HRRS-Nummer: HRRS 2024 Nr. 509
Bearbeiter: Sina Aaron Moslehi/Karsten Gaede
Zitiervorschlag: BGH, 6 StR 324/23, Urteil v. 10.01.2024, HRRS 2024 Nr. 509
Die Revision des Angeklagten gegen das Urteil des Landgerichts Würzburg vom 29. März 2023 wird verworfen.
Der Beschwerdeführer hat die Kosten des Rechtsmittels sowie die notwendigen Auslagen der Nebenklägerin zu tragen.
Das Landgericht hat den Angeklagten wegen versuchten Mordes in Tateinheit mit gefährlicher Körperverletzung zu einer Freiheitsstrafe von elf Jahren verurteilt und seine Unterbringung in einem psychiatrischen Krankenhaus angeordnet. Die auf die Verletzung materiellen Rechts gestützte Revision des Angeklagten ist unbegründet.
1. Das Landgericht hat - soweit hier von Belang - folgende Feststellungen und Wertungen getroffen:
a) Der sozial weitgehend isoliert lebende und intelligenzgeminderte Angeklagte entwickelte jedenfalls zum Ende des Jahres 2021 eine Vorliebe für Pornographie mit Gewaltbezug sowie mit nekrophilen Inhalten. Er konsumierte fortan ausschließlich Pornofilme, in denen Frauen zunächst erschlagen oder erschossen wurden und deren Leichname sodann sexuell missbraucht wurden. Den Angeklagten stimulierte das Gefühl von Macht und Kontrolle. Er empfand dieses als Genugtuung und Ausgleich für die von ihm seit Jahren gefühlte Zurückweisung durch Frauen. Seine sich ständig steigernden Gewaltphantasien spitzten sich in der Folge weiter zu. Die Umsetzung seines Lebensplans, eine Familie bis zum 35. Lebensjahr zu gründen, sah er als endgültig gescheitert an.
Am Tattag, seinem 28. Geburtstag, war ihm und einem Kollegen von seinem Arbeitgeber der Austausch eines Fensters in der Wohnung der 27-jährigen Nebenklägerin aufgetragen worden. Nachdem der Angeklagte seinen Kollegen gegen 10 Uhr aufgefordert hatte, Werkzeug aus dem Tischlereibetrieb zu holen, wurde ihm spontan bewusst, dass er mit der Nebenklägerin allein in der Wohnung war. Ihn überkamen rasch immer stärker werdende sexuelle Gewaltphantasien. Er entschloss sich, die Nebenklägerin mit einem Hammer zu töten, um anschließend an ihr den Geschlechtsverkehr zu vollziehen.
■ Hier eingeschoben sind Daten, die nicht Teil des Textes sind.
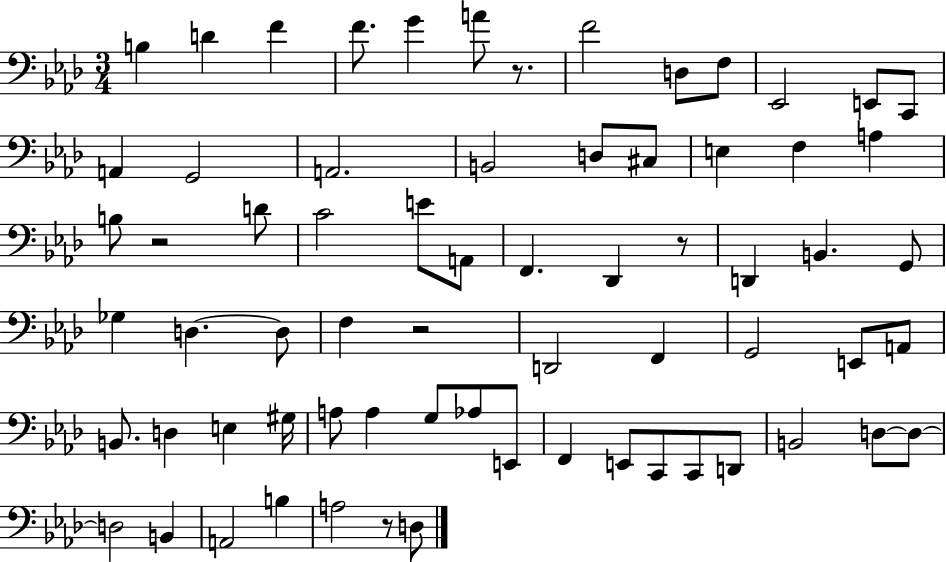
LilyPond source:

{
  \clef bass
  \numericTimeSignature
  \time 3/4
  \key aes \major
  b4 d'4 f'4 | f'8. g'4 a'8 r8. | f'2 d8 f8 | ees,2 e,8 c,8 | \break a,4 g,2 | a,2. | b,2 d8 cis8 | e4 f4 a4 | \break b8 r2 d'8 | c'2 e'8 a,8 | f,4. des,4 r8 | d,4 b,4. g,8 | \break ges4 d4.~~ d8 | f4 r2 | d,2 f,4 | g,2 e,8 a,8 | \break b,8. d4 e4 gis16 | a8 a4 g8 aes8 e,8 | f,4 e,8 c,8 c,8 d,8 | b,2 d8~~ d8~~ | \break d2 b,4 | a,2 b4 | a2 r8 d8 | \bar "|."
} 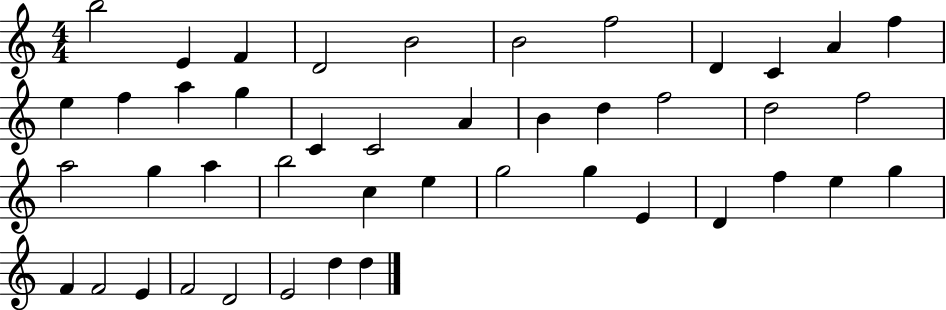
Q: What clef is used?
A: treble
Auf seine Frage, ob es noch weitere beschädigte Fenster in der Wohnung gebe, zeigte die Nebenklägerin ihm das Badezimmerfenster. Beim Verlassen dieses Raumes ließ er ihr den Vortritt und schlug ihr von hinten einmal wuchtig mit der stumpfen Schlagseite des Hammers auf den Kopf. Die hiervon überraschte Nebenklägerin stürzte verletzt zu Boden und versuchte zu entkommen. Dies unterband der Angeklagte, indem er sie festhielt und ihr noch elf weitere wuchtige Hammerschläge gegen den Kopf versetzte. Seine durch die Schläge aufgetretene Erektion ließ angesichts des für ihn unerwartet massiven Verletzungsbildes nach, und er ließ von der Nebenklägerin ab, ohne sexuelle Handlungen vorzunehmen. Dabei ging er davon aus, dass die Nebenklägerin ohne sofortige Hilfe an ihren schweren Verletzungen versterben werde.
Der Angeklagte begab sich sodann in das Badezimmer und reinigte seine Hände sowie den Hammer. Hier wurden ihm die Ausweglosigkeit seiner Lage und die ihm - als bislang Unbestraftem - drohenden sozialen, beruflichen und strafrechtlichen Konsequenzen bewusst. Er geriet in einen Schockzustand, verließ die Wohnung und zog die Wohnungstür ins Schloss.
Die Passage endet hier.